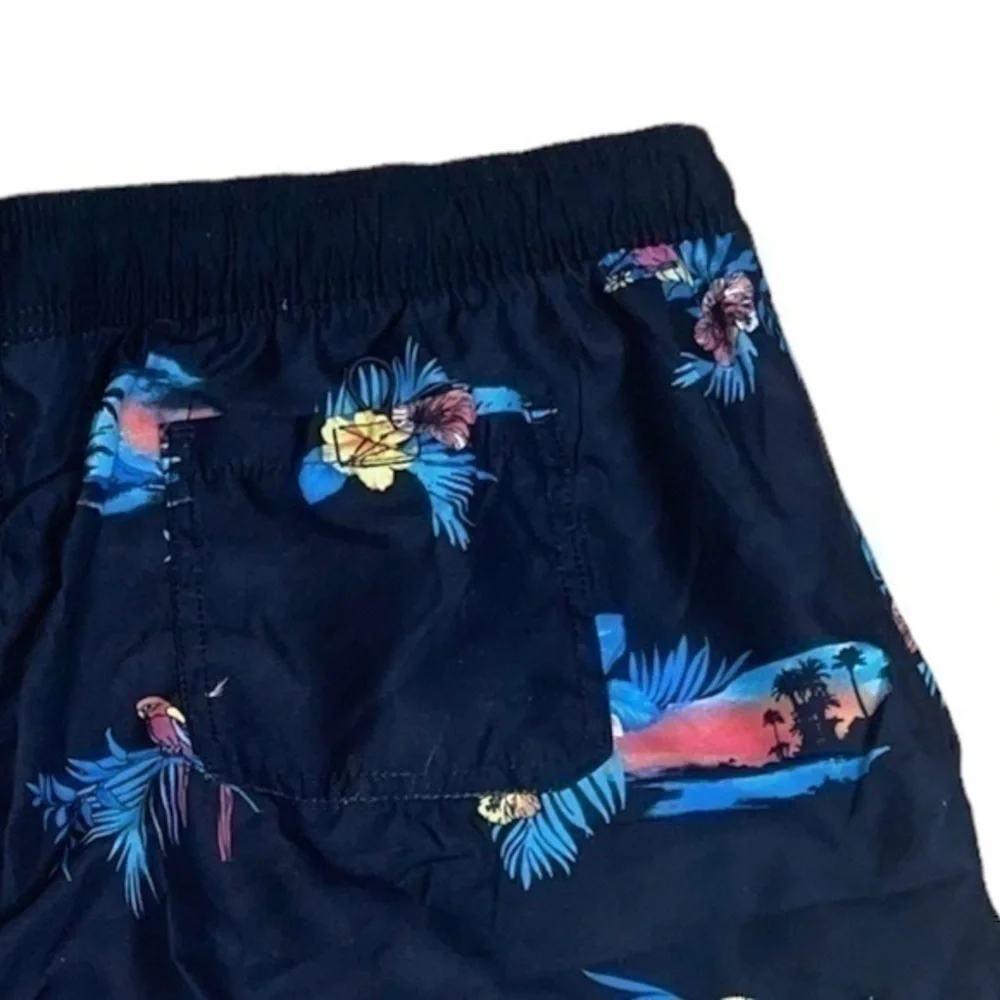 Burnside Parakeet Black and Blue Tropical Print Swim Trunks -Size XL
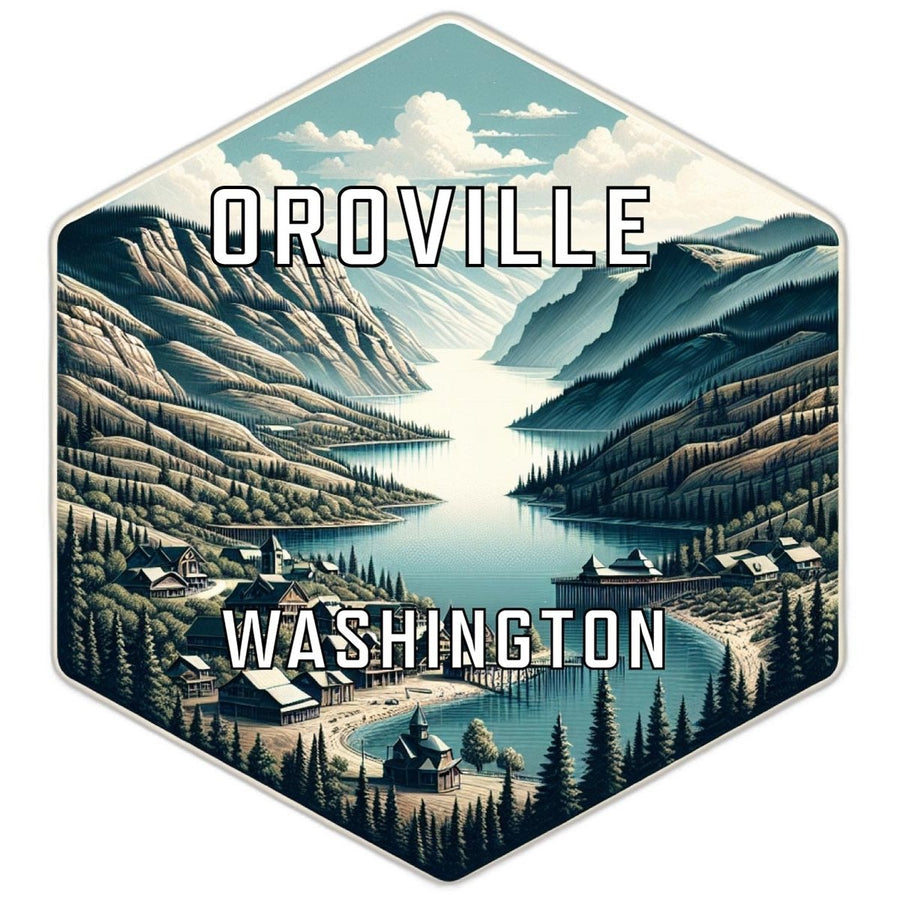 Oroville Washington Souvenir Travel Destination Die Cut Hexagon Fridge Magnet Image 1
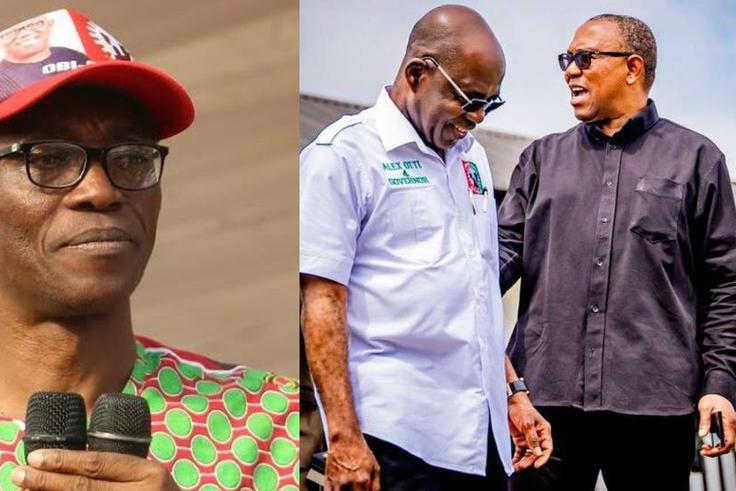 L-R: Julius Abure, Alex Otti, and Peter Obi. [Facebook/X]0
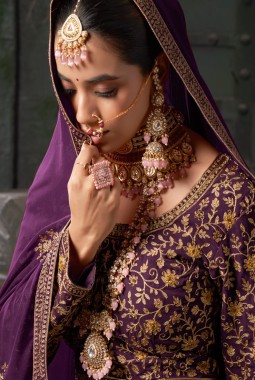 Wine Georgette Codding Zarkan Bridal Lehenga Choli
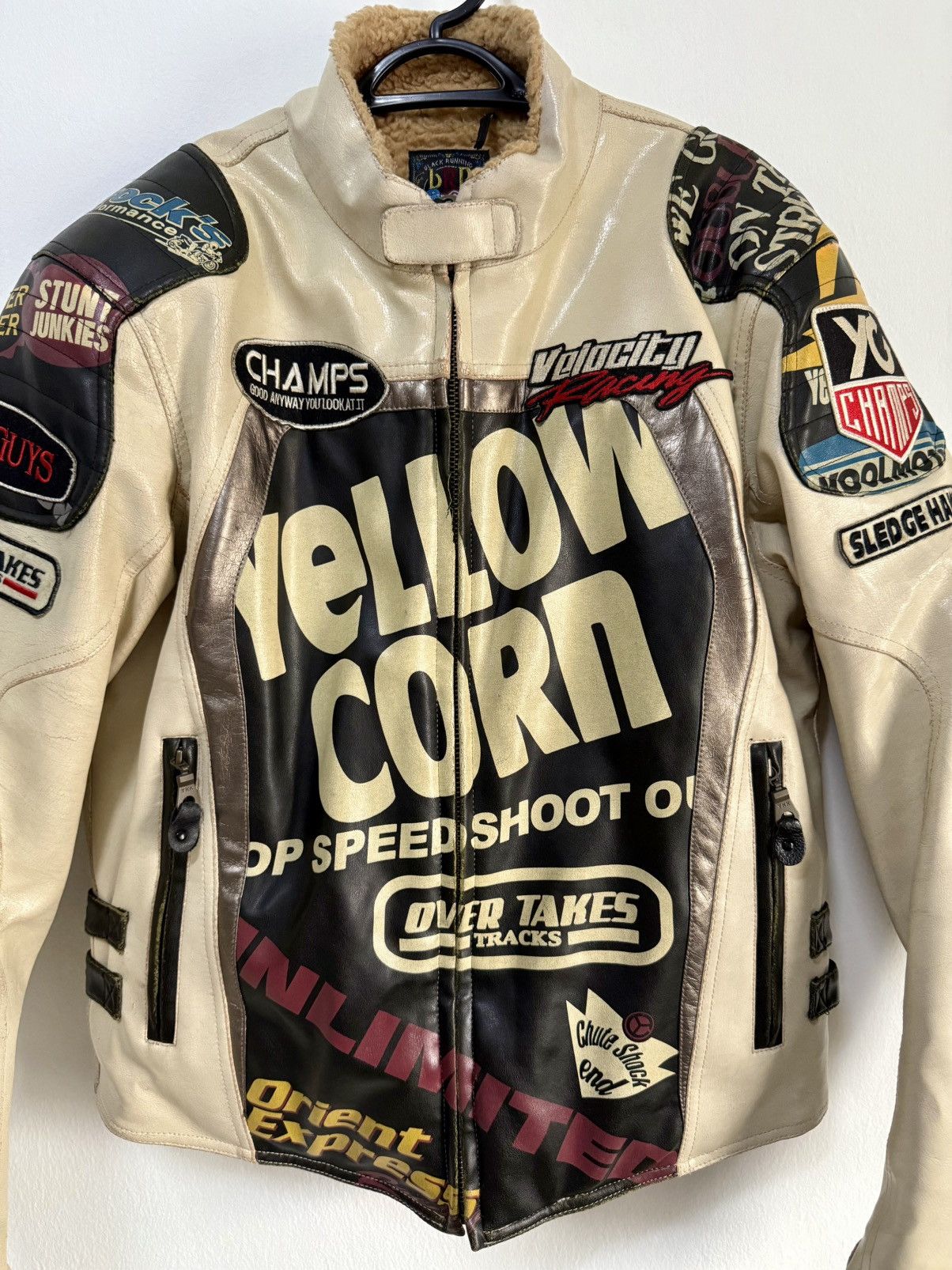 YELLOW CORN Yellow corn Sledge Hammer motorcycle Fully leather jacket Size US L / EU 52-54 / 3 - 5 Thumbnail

****************************************

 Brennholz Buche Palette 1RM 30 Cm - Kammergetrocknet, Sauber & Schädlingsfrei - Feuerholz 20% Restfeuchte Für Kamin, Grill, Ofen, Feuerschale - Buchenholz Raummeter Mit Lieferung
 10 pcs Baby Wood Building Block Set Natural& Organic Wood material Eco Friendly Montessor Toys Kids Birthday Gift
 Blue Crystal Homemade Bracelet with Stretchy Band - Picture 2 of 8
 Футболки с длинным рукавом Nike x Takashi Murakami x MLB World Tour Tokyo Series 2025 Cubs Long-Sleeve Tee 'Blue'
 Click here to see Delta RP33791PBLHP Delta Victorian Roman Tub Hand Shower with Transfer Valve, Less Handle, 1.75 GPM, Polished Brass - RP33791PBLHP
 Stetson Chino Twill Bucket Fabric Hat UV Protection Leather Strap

****************************************

Which lines in the data above hold the string "with"? Return each of them.

 Blue Crystal Homemade Bracelet with Stretchy Band - Picture 2 of 8
 Click here to see Delta RP33791PBLHP Delta Victorian Roman Tub Hand Shower with Transfer Valve, Less Handle, 1.75 GPM, Polished Brass - RP33791PBLHP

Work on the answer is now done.